Kapolri Jenderal Listyo Sigit Prabowo Cabut Telegram yang Larang Media Tampilkan Arogansi Polisi
Kapolri Jenderal Listyo Sigit Prabowo akhirnya mencabut Surat Telegram (ST) yang di antaranya berisi melarang media untuk menayangkan tindakan
TRIBUNBATAM.id - Kapolri Jenderal Listyo Sigit Prabowo akhirnya mencabut Surat Telegram (ST) yang di antaranya berisi melarang media untuk menayangkan tindakan kekerasan yang dilakukan kepolisian.
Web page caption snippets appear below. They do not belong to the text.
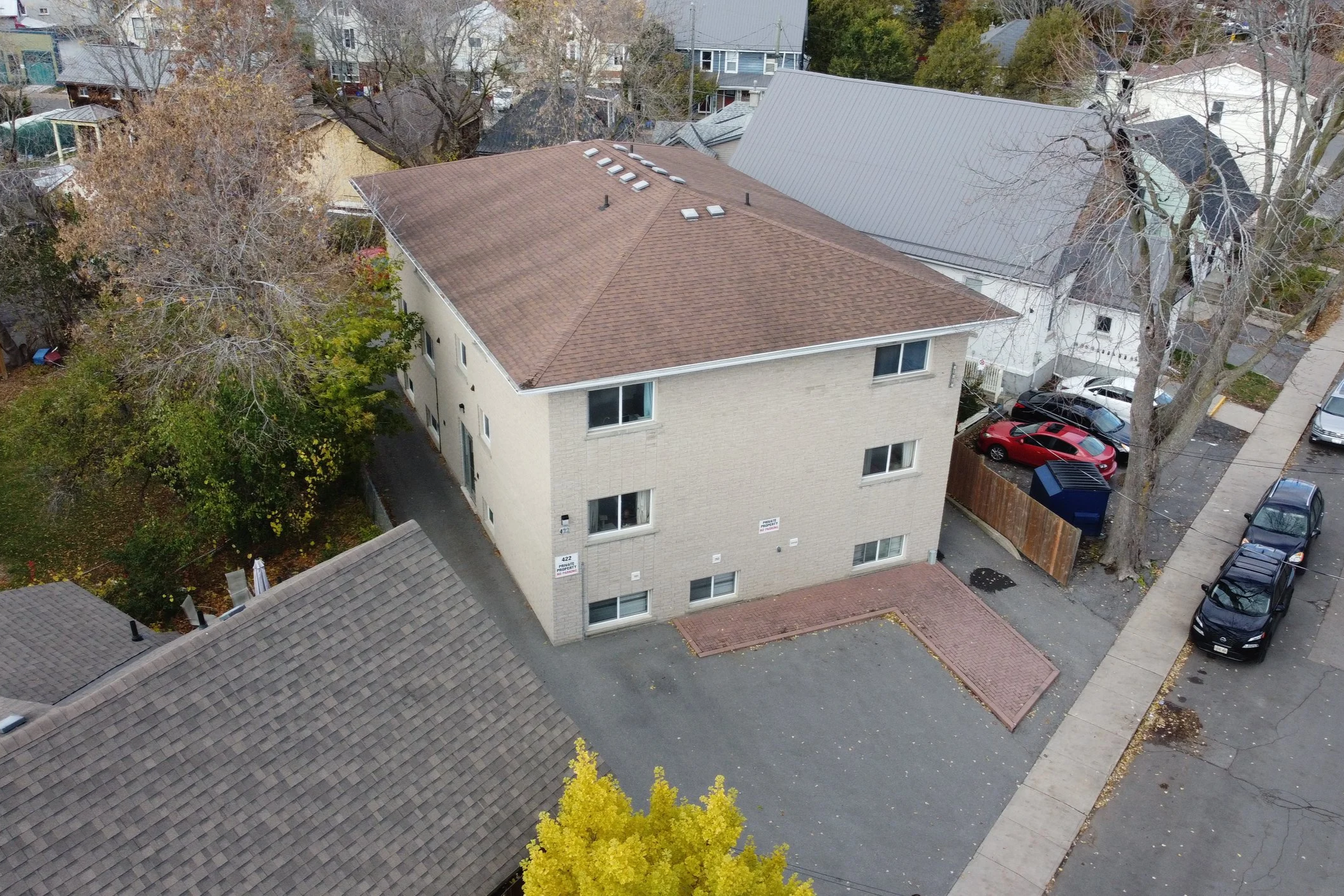 Aerial view of a three-story beige brick apartment building with a brown shingle roof, situated behind a parking lot and neighboring houses, surrounded by trees with some autumn foliage.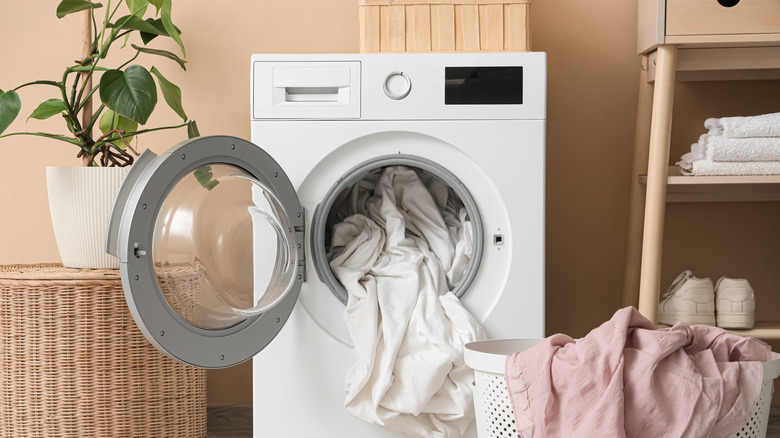 A washing machine with white sheets spilling out of it.
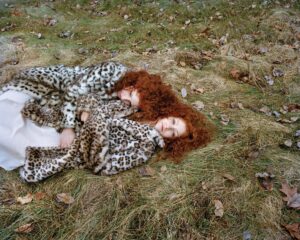 A woman laying in the grass wearing a leopard print coat.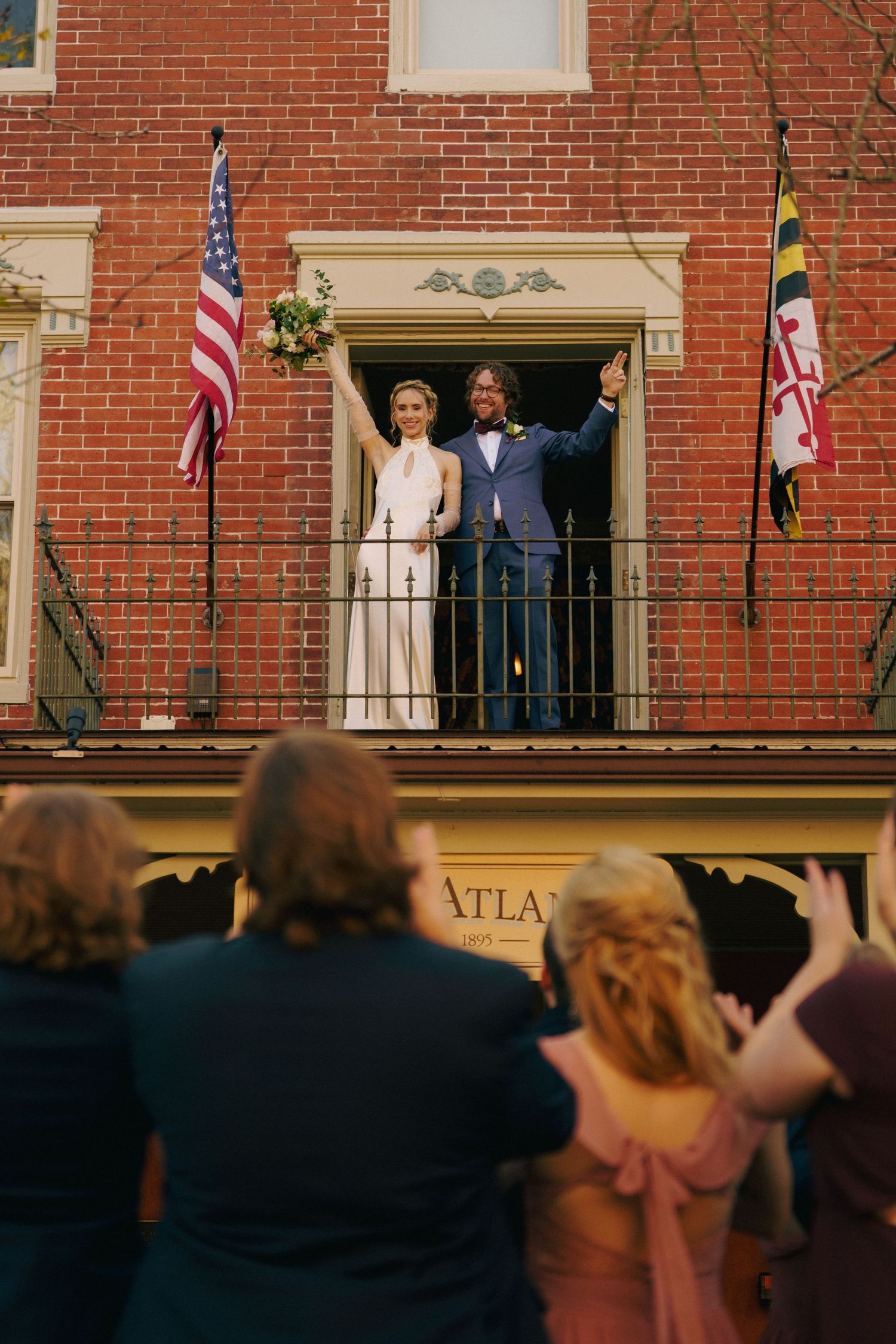 Bride and Groom wave to the wedding party while standing on the balcony of the Atlantic Hotel in Berlin, Maryland.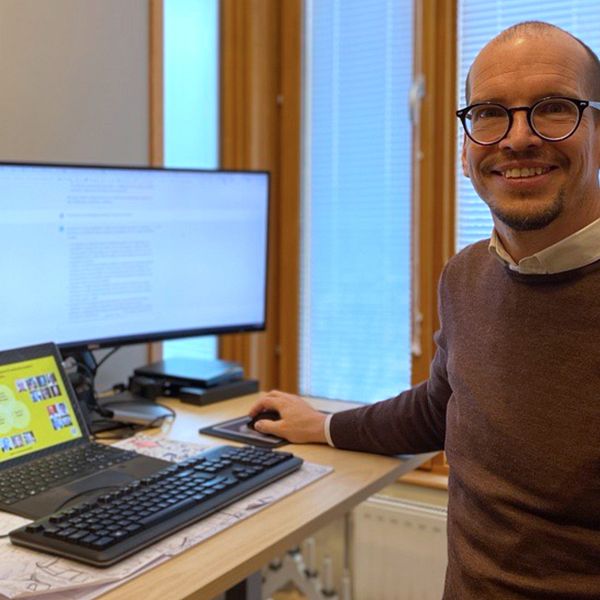 Lektorn Jörg Pareigis på Karlstads universitet står vid datorskärmar och ler in i kameran.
Pencabutan ini termuat dalam Surat Telegram Nomor: ST/759/IV/HUM.3.4.5./2021.
Surat tersebut dikeluarkan pada Selasa 6 April 2021 dan ditandatangani Kadiv Humas Polri Irjen Pol Raden Prabowo Argo Yuwono.
Sebelumnya, Kapolri Jenderal Listyo Sigit Prabowo menerbitkan surat telegram terkait dengan peliputan media massa di lingkungan Polri.
Telegram itu, ditujukan kepada para Kapolda dan Kabid Humas jajaran tertanggal 5 April 2021.
Namun, telegram itu menjadi polemik lantaran tertulis Kapolri meminta agar media tidak menyiarkan tindakan kepolisian yang menampilkan arogansi dan kekerasan.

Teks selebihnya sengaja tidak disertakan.